◆ **What needs to be done**
Copy the material below verbatim from the line with "Ampoule DEL Oblo E26" to the line with "Zeiss 225 Lens Wipes 6x5 in/15x13cm", both lines included, omitting pictures and every line outside that range.

◆ **The data**
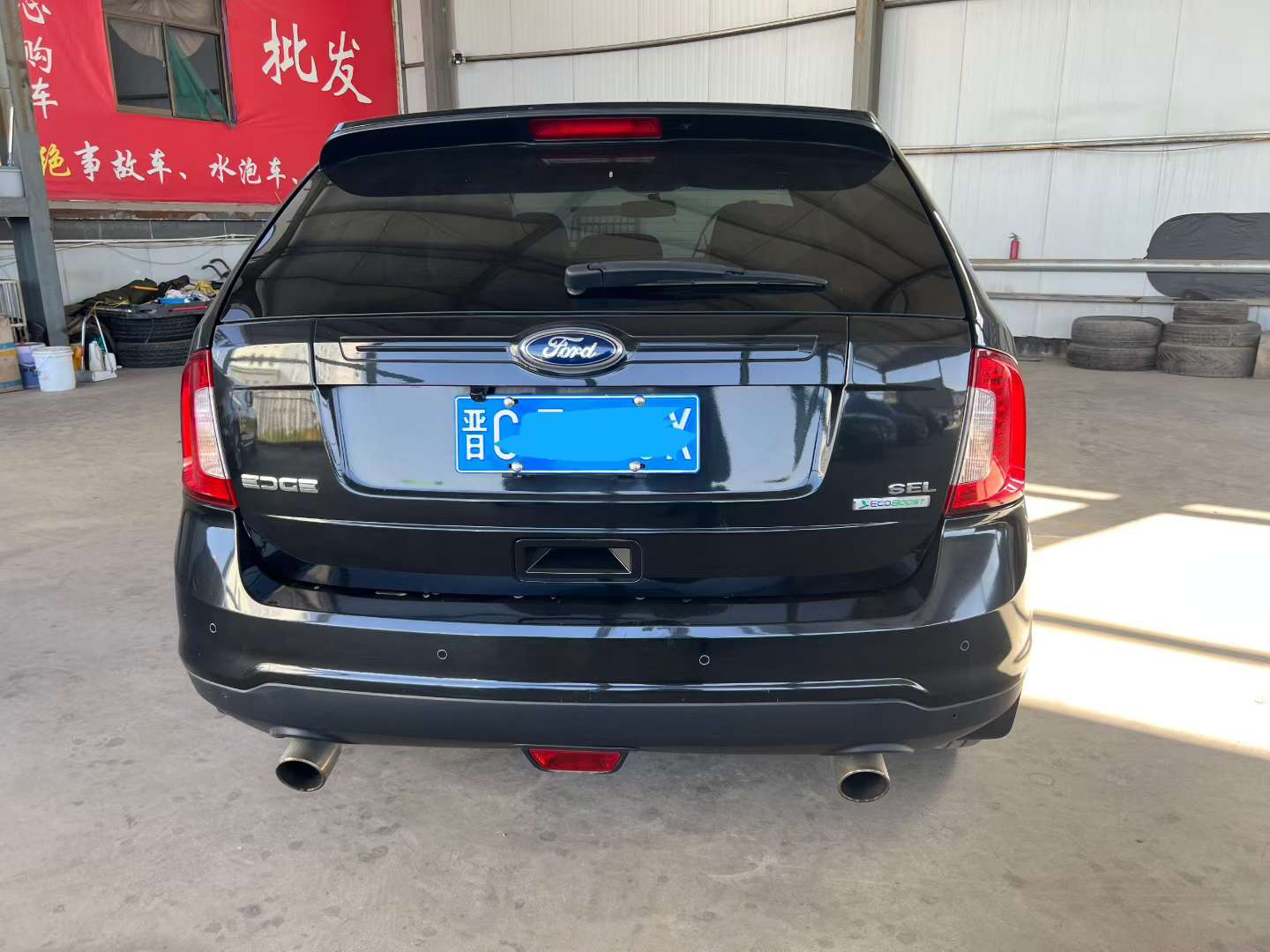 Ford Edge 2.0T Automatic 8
--
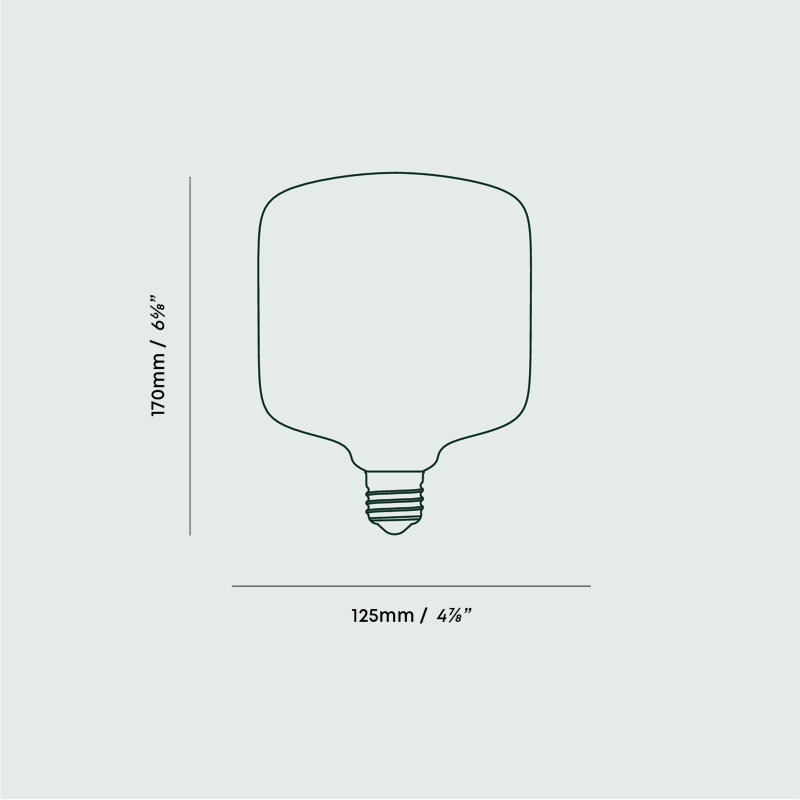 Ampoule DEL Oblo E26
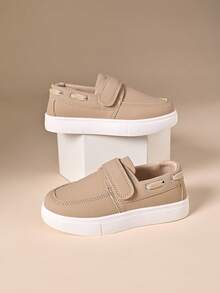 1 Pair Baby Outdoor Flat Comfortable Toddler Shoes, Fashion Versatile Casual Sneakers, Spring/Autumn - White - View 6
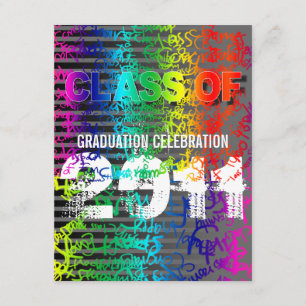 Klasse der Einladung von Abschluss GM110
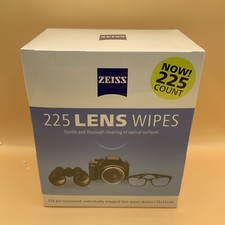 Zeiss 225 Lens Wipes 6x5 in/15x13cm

◆ **Exercise result**
 Ampoule DEL Oblo E26
 1 Pair Baby Outdoor Flat Comfortable Toddler Shoes, Fashion Versatile Casual Sneakers, Spring/Autumn - White - View 6
 Klasse der Einladung von Abschluss GM110
 Zeiss 225 Lens Wipes 6x5 in/15x13cm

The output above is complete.